ASSIGNMENT: Here is the task for the listing below: output exactly the lines from the one containing "2024 New Arrival" through the one containing "Scottish Highland Cow on Green Zippo Lighter", and leave out the pictures.

PROVIDED RECORDS:

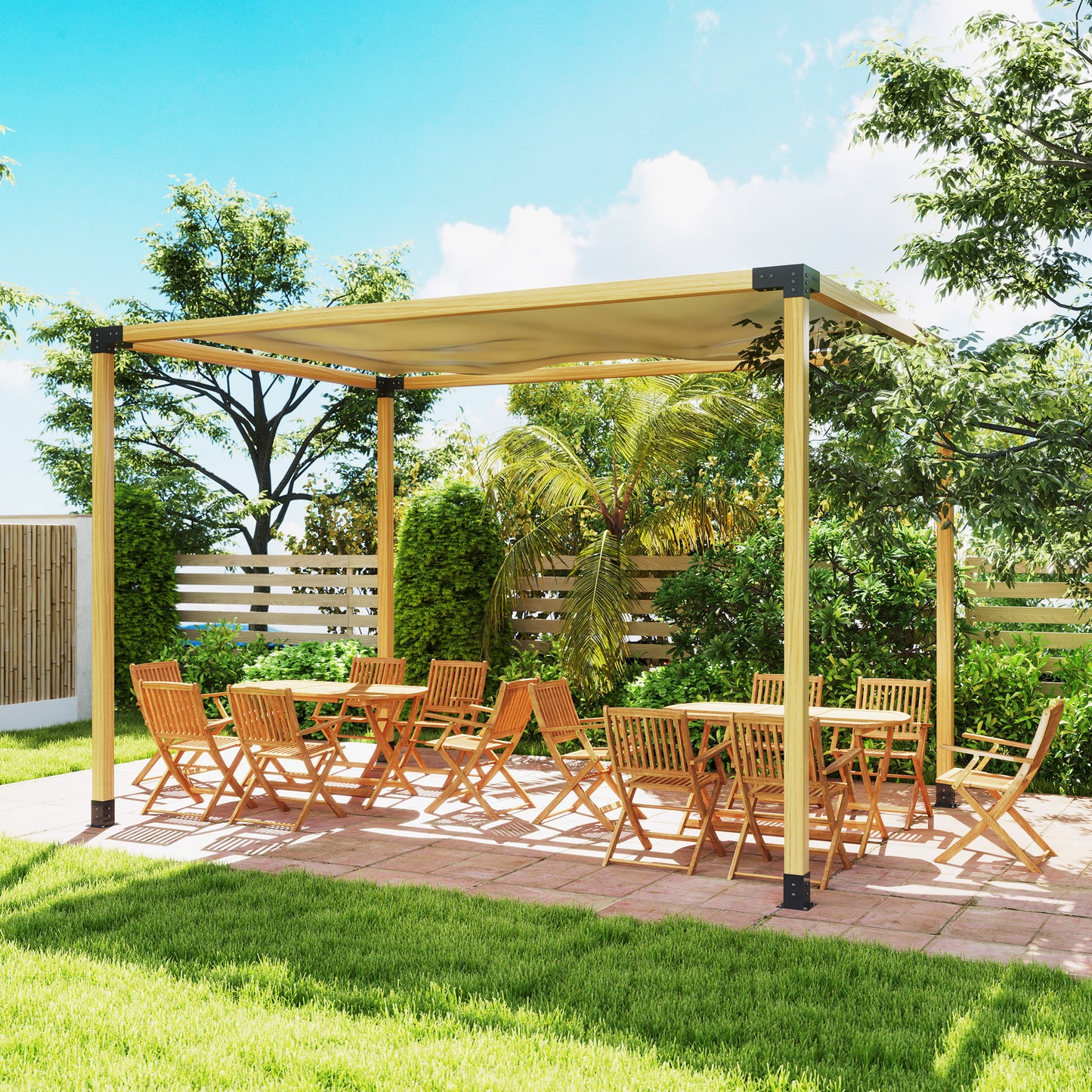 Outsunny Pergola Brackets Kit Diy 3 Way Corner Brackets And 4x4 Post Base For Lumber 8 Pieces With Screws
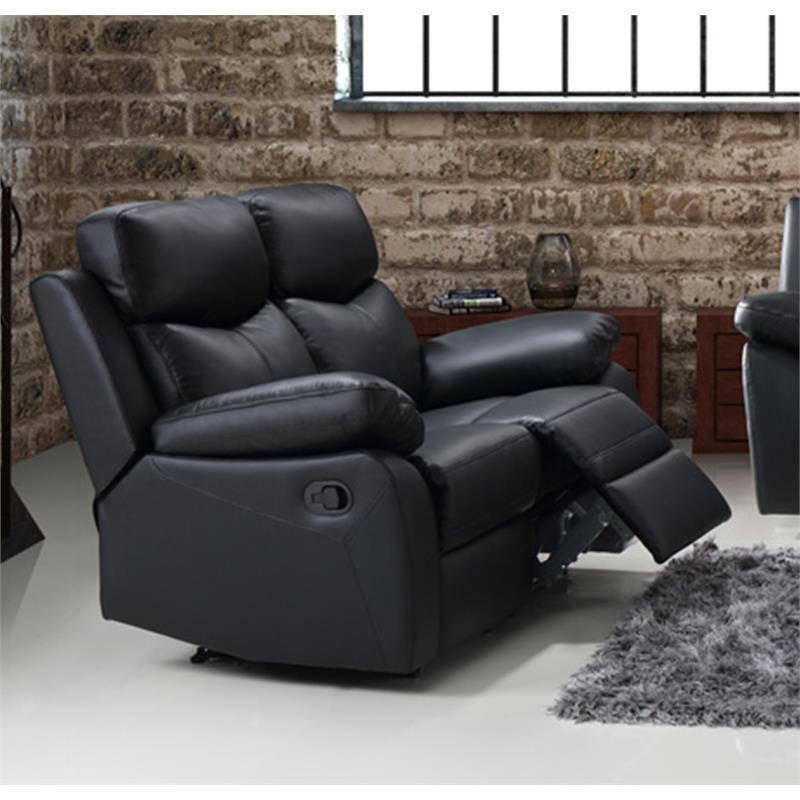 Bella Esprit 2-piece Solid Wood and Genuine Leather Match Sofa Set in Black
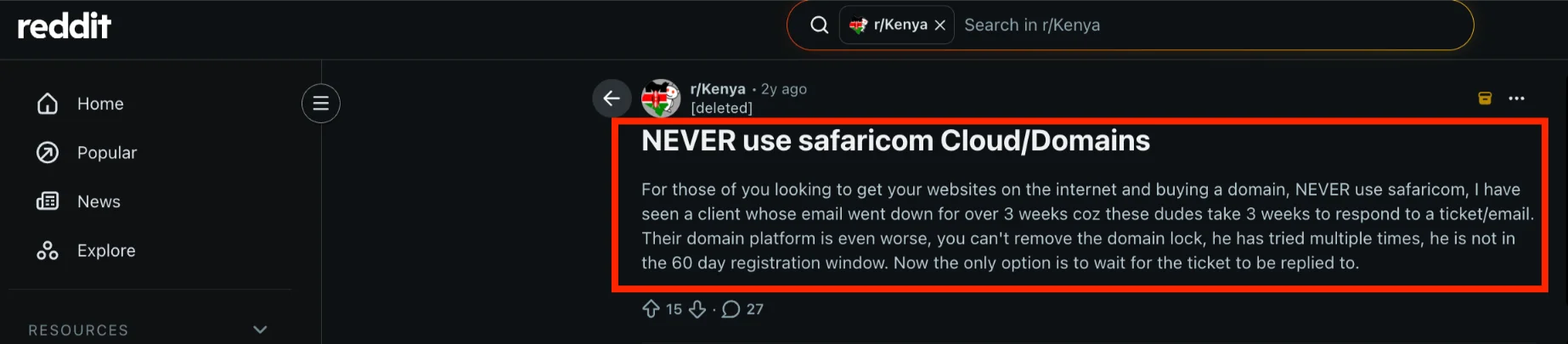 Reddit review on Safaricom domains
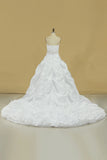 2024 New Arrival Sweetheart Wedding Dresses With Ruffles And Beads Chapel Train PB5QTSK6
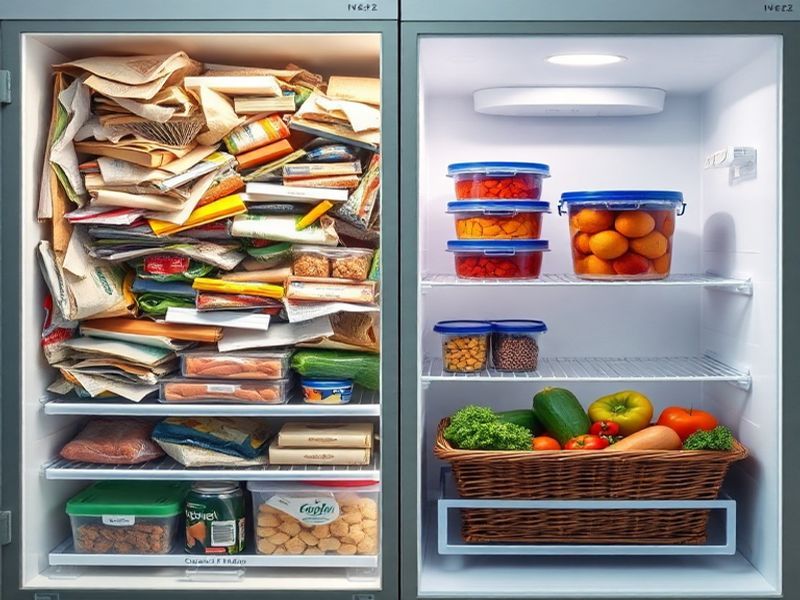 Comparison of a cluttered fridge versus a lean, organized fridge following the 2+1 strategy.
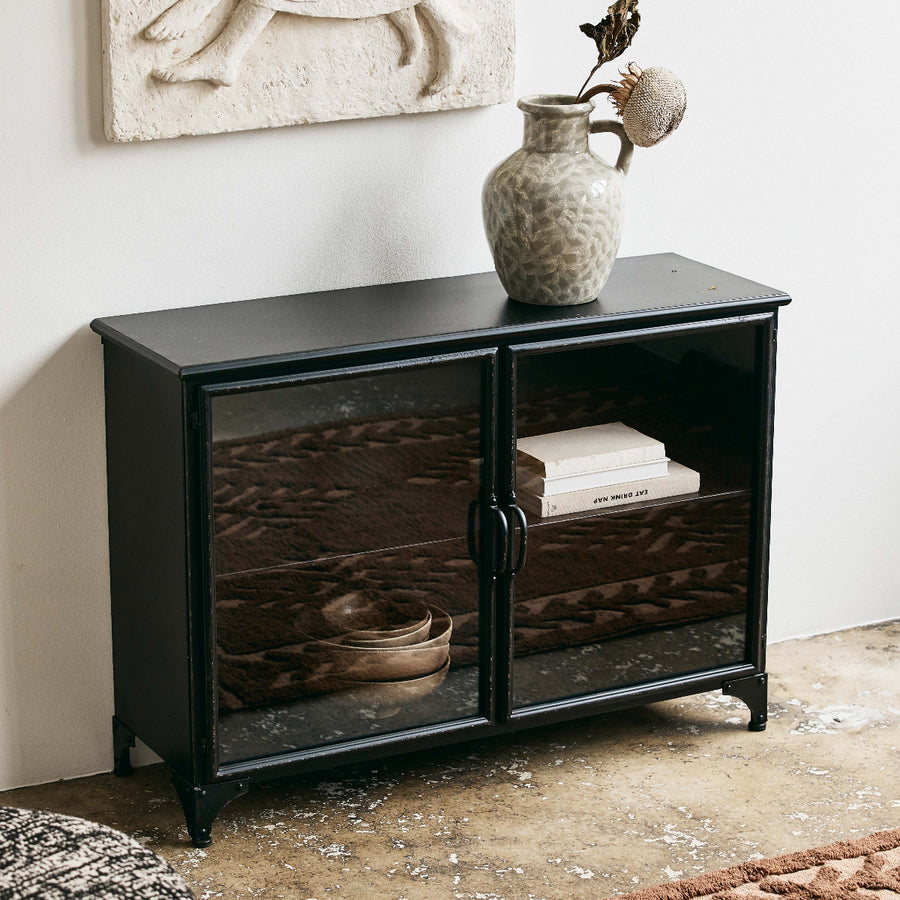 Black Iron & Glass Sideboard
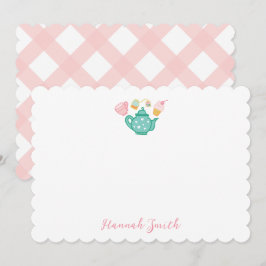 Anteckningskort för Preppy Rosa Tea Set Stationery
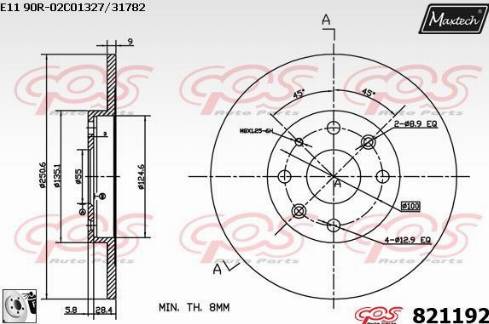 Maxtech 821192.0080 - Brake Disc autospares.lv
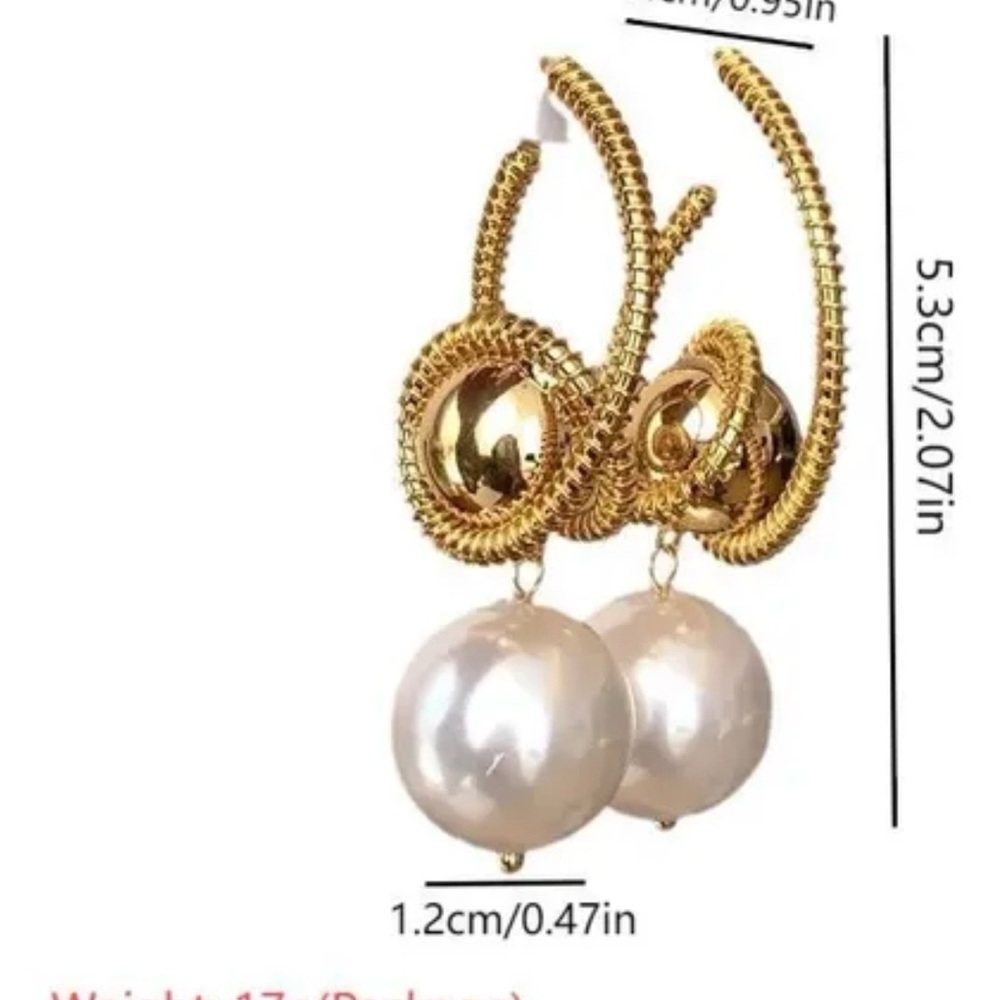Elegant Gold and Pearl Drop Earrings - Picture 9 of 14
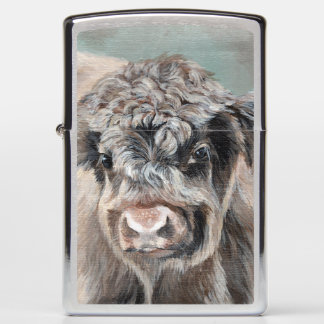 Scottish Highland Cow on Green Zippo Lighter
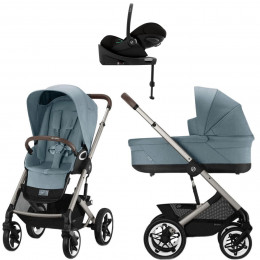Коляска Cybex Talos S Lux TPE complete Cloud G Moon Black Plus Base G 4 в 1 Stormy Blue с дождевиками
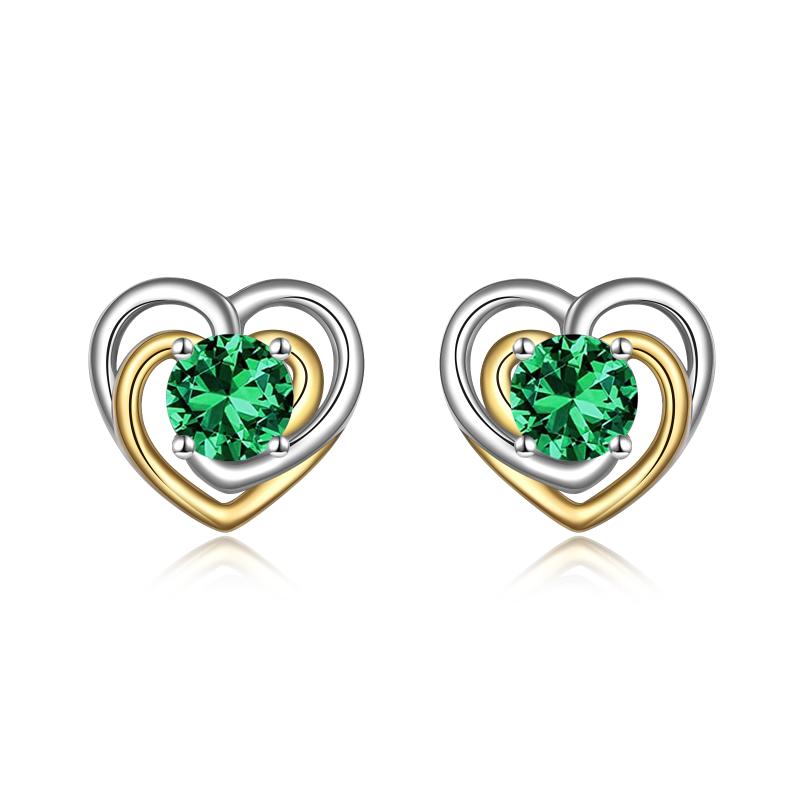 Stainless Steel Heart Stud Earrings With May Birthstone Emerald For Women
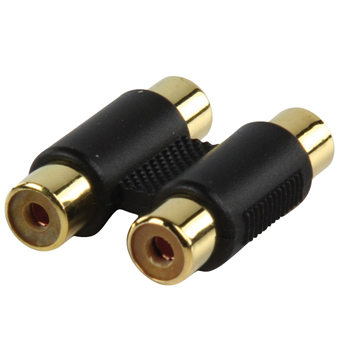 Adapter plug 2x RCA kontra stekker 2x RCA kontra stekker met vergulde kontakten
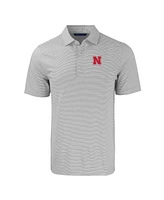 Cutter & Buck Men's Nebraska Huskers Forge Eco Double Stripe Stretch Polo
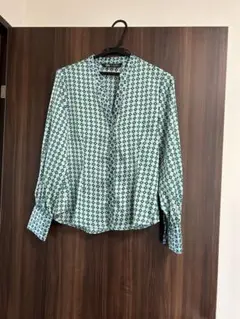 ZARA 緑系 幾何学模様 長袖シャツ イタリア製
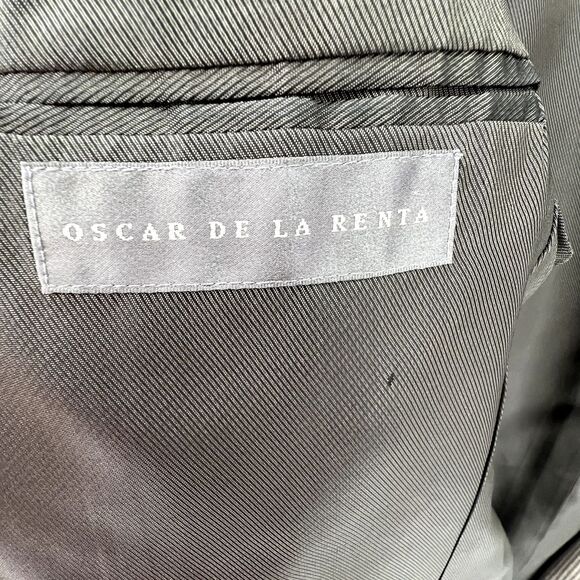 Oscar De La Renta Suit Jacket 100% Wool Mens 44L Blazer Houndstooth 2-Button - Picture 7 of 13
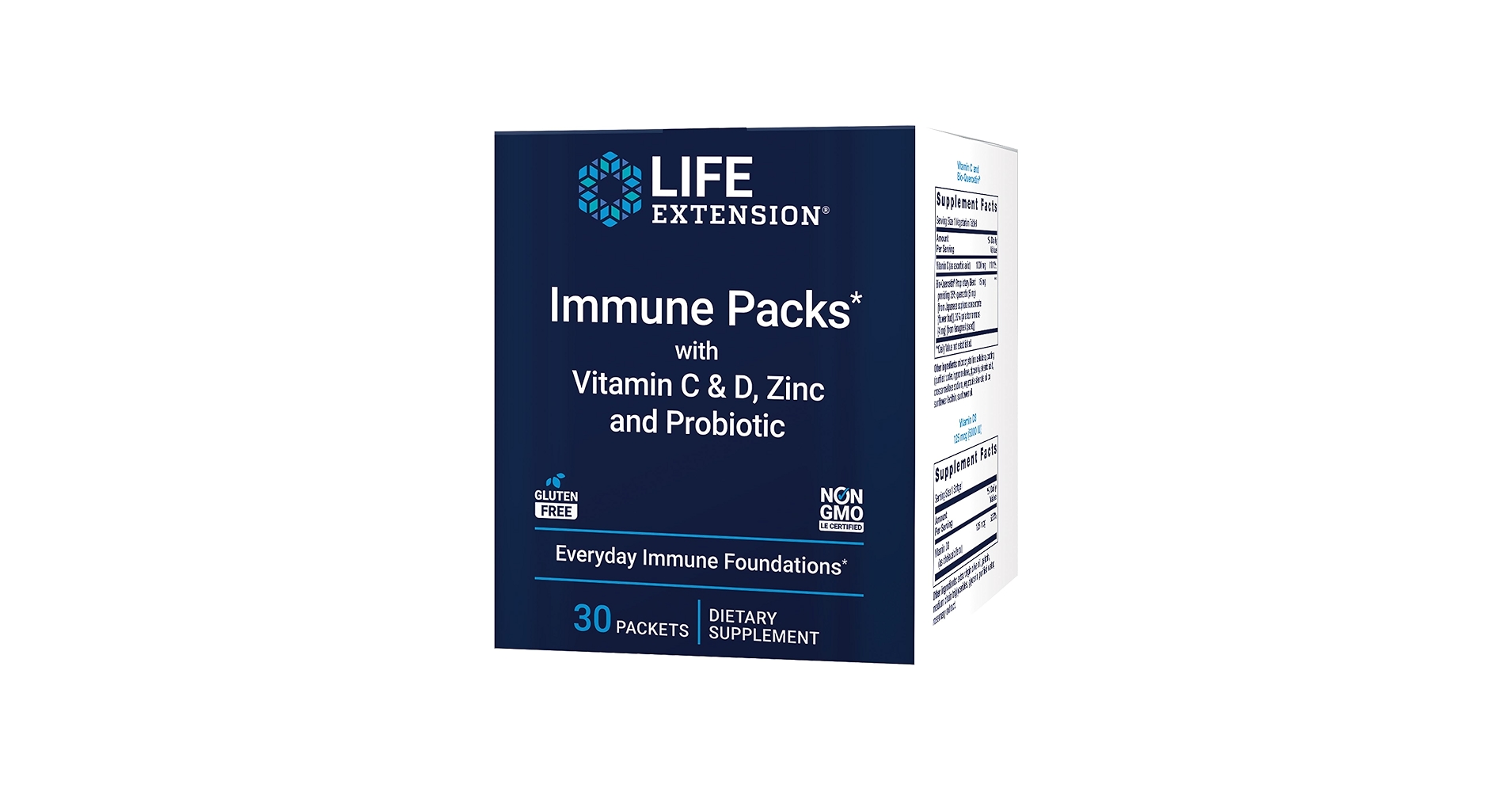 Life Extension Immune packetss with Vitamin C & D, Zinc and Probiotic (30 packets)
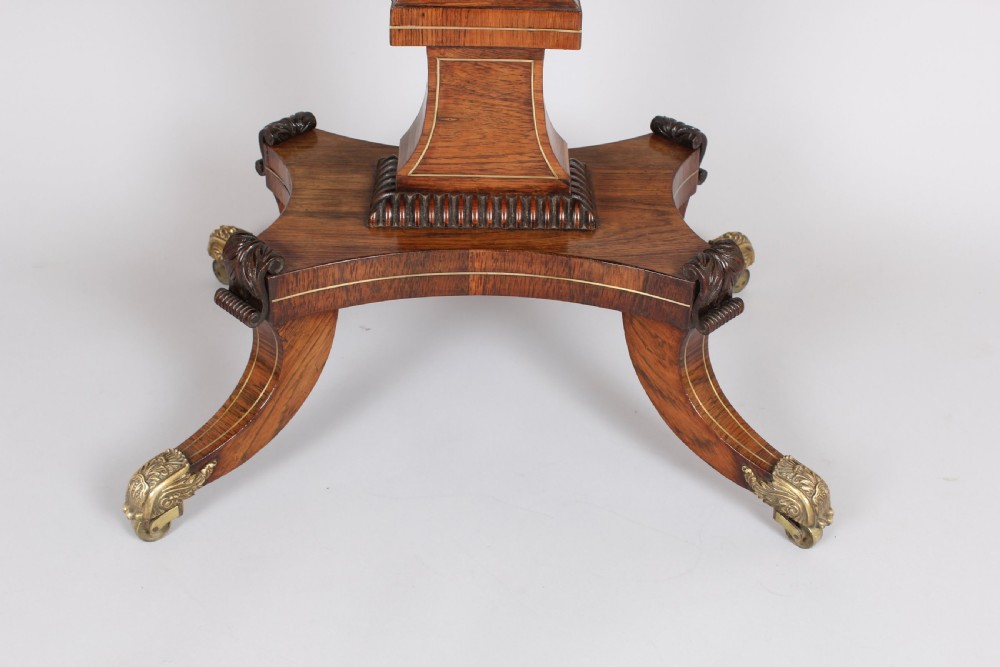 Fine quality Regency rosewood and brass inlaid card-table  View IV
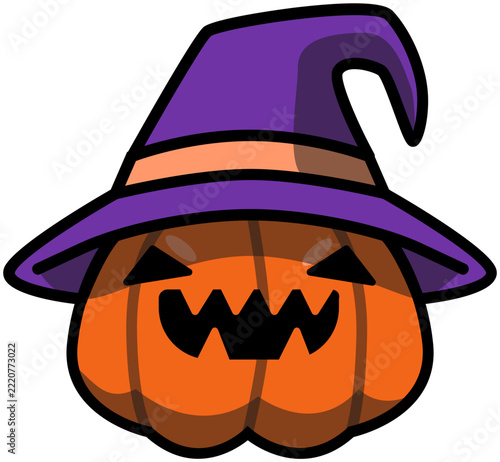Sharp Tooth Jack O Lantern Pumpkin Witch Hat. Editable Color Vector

TASK RESULT:
 2024 New Arrival Sweetheart Wedding Dresses With Ruffles And Beads Chapel Train PB5QTSK6
 Comparison of a cluttered fridge versus a lean, organized fridge following the 2+1 strategy.
 Black Iron & Glass Sideboard
 Anteckningskort för Preppy Rosa Tea Set Stationery
 Maxtech 821192.0080 - Brake Disc autospares.lv
Elegant Gold and Pearl Drop Earrings - Picture 9 of 14
 Scottish Highland Cow on Green Zippo Lighter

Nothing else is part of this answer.